We started coming to Pasadena Mennonite Church in 1992. Our son, Ben, was 5-years old. When we arrived, Ty, Annika, Bob Nolty and Karen were already here, along with a few of the original founding members of the church, the original pastor and others. But the day we arrived, we were the newest ones to show up.
They clearly were either very short of volunteers or wanted to immediately weave us into their net, because after the service, the head greeter asked if I could be a greeter the next Sunday. When I was hesitant, pointing out that I didn’t know many people and probably wouldn’t be the best greeter, I could see he wasn’t going to take “no” for an answer and I greeted my heart out on my 2nd Sunday.

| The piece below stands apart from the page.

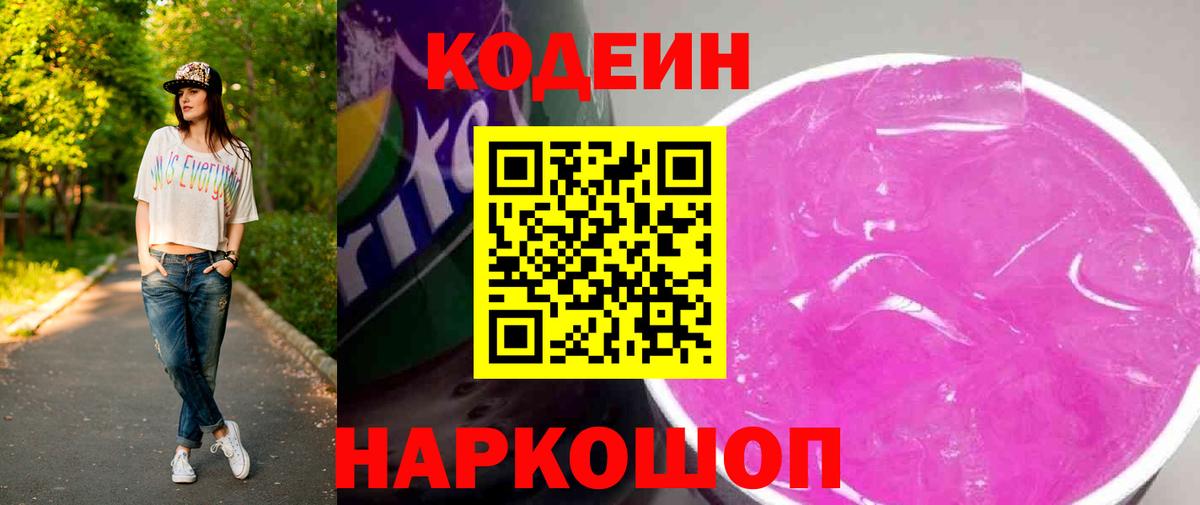 Курганинск  Кодеиновый сироп Lean напиток Lean (лин)  Кодеиновый сироп Lean напиток Lean (лин)  Вход с VPN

A few days before our 3rd Sunday, I received a phone call from a woman who said “This is Laurine from PMC”. I had no idea who she was and had no idea what PMC was. I literally had to ask her to repeat her name and PMC 4 times; and had to ask what PMC is. It finally clicked when she said Pasadena Mennonite Church. She was calling to ask if I’d bring snacks and make coffee that coming Sunday. So, on my 3rd week I found myself fumbling around in the kitchen. I probably should have wondered about this place, but maybe I was intrigued by how casually and immediately they began their “gifts discernment” around here.
Flash forward a few years; more new people came and were woven in. Many of our grad students attending Fuller and Cal Tech finished their programs and moved away, leaving holes; shifting our culture. Even the 3 Dougs were gone. We called ourselves a “sending church” helping to equip these folks who went on to become pastors or therapists or scientists elsewhere.
It felt providential that just about the time someone would leave in the 1990’s, someone new would show up named Medendorp, Newton, Moore, Rewers….even Gist. As these folks were introduced as visitors, the rest of us secretly wondered “What will they add? And how long will they stay?”
I learned quickly that although there was this casual air in the room at PMC, we could also take ourselves very seriously.
When someone decided to start a PMC choir you had to go through a 1-on-1 audition with the director. Really? For a church choir? I thought. But it turned out no one failed their audition and the choir ended up sounding great.
When we wrote up guidelines for PMC nursery volunteers, it was a lengthy list that included things like:
“must be able to determine if a child is febrile”…..(at the time, I didn’t know what febrile meant.) Our pastor shook his head and said that this would mean that only those with PhDs in child development need apply to volunteer.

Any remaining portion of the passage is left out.